How does a section of a stack give a sheaf?

Question

At nLab in the article constant stack and a few other related articles, a pattern is mentioned where a section of a constant sheaf is a locally constant function, a section of a constant stack is a locally constant sheaf, and on up the categorical ladder.

I know that one motivating example of a stack is the functor on a site which assigns to each object the category of sheaves over that object. For this stack, by construction each section is a sheaf. But how do we see that in general? If $F$ is a stack and $c\in F(U)$ I know that $V\mapsto \hom(c|V,c|V)$ is a sheaf, so that’s one way, but I don’t think that is what is meant here.

Answer 1

See the $n$lab article on locally constant sheaves:

A locally constant sheaf $A$ over a topological space is a sheaf of sections of a covering space of $X$: there is a cover of $X$ by open subsets $\{U_i\}$ such that the restrictions $A|_{U_i}$ are constant sheaves.

More elegantly said: locally constant sheaves are the sections of constant stacks:

Let $C = \mathrm{Core(FinSet)}\in $$\mathrm{Grpd}$ be the core of the category $\mathrm{FinSet}$ of finite set, let $\mathrm{const}_C : \mathrm{Op}(X)^{op} \to \mathrm{Grpd}$ the presheaf constant on $C$, i.e. the functor on the opposite category of the category of open subsets of $X$ that sends everything to (the identity on) $C$. Then the constant stack on $C$ is the stackification $\bar{\mathrm{const}_C}: \mathrm{Op}(X)^{op} \to \mathrm{Grpd}$.
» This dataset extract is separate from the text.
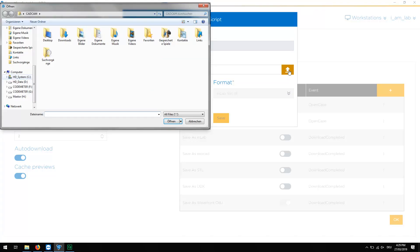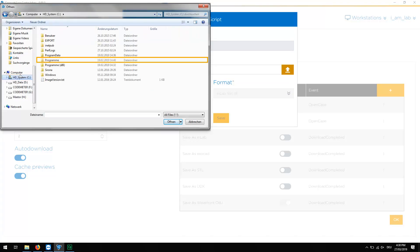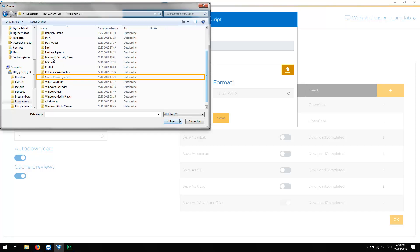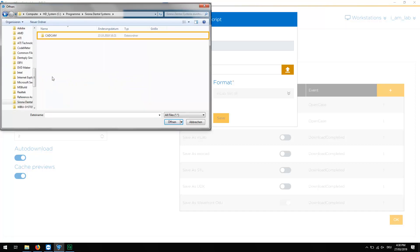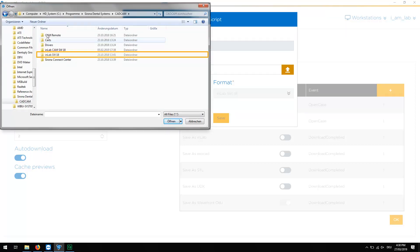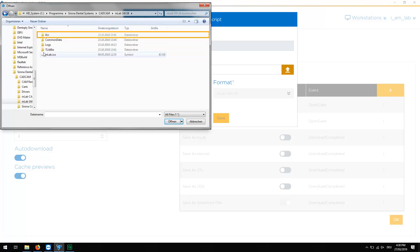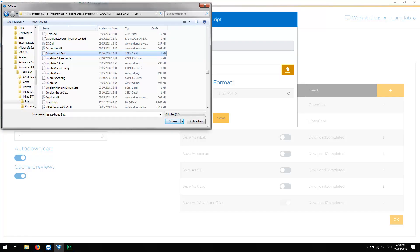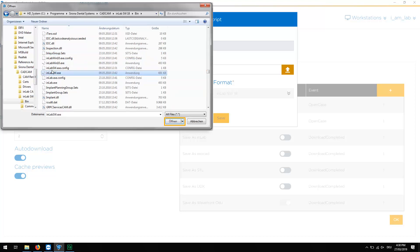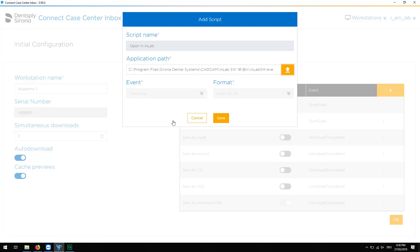Generally, this is located on the C drive, under Programs, Serona Dental Systems, CAD-CAM, InLab Software, inside the folder Bin. We select the corresponding .exe file and confirm with Open. To enable this script, we click Save.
Write then $X$ for the space $X$ regarded as a sheaf or trivial covering space over itself, i.e. the terminal object $X$ in sheaves and hence in stacks over $X$. Then by definition of stackification morphisms

$$ X \to \bar{\mathrm{const}_C} $$

are represented by

• an open cover $\{U_i\}$ of $X$;

• over each $U_i$ a choice $F_i \in C$ of object in $C$, hence a finite set in $C$;

• over each double overlap $U_{i j} = U_i \cap U_j$ an morphism $g_{i j} : F_i|_{I_{i j}} \stackrel{\simeq}{\to} F_j|_{U_{i j}}$, hence a bijection of finite sets;

• such that on triple overlaps we have $g_{i k}|_{U_{i j k}}= g_{j k}|_{U_{i j k}}\circ g_{i j}|_{U_{i j k}}$.

Such data clearly is the local data for a covering space over $X$ with typical fiber any of the $F_i$.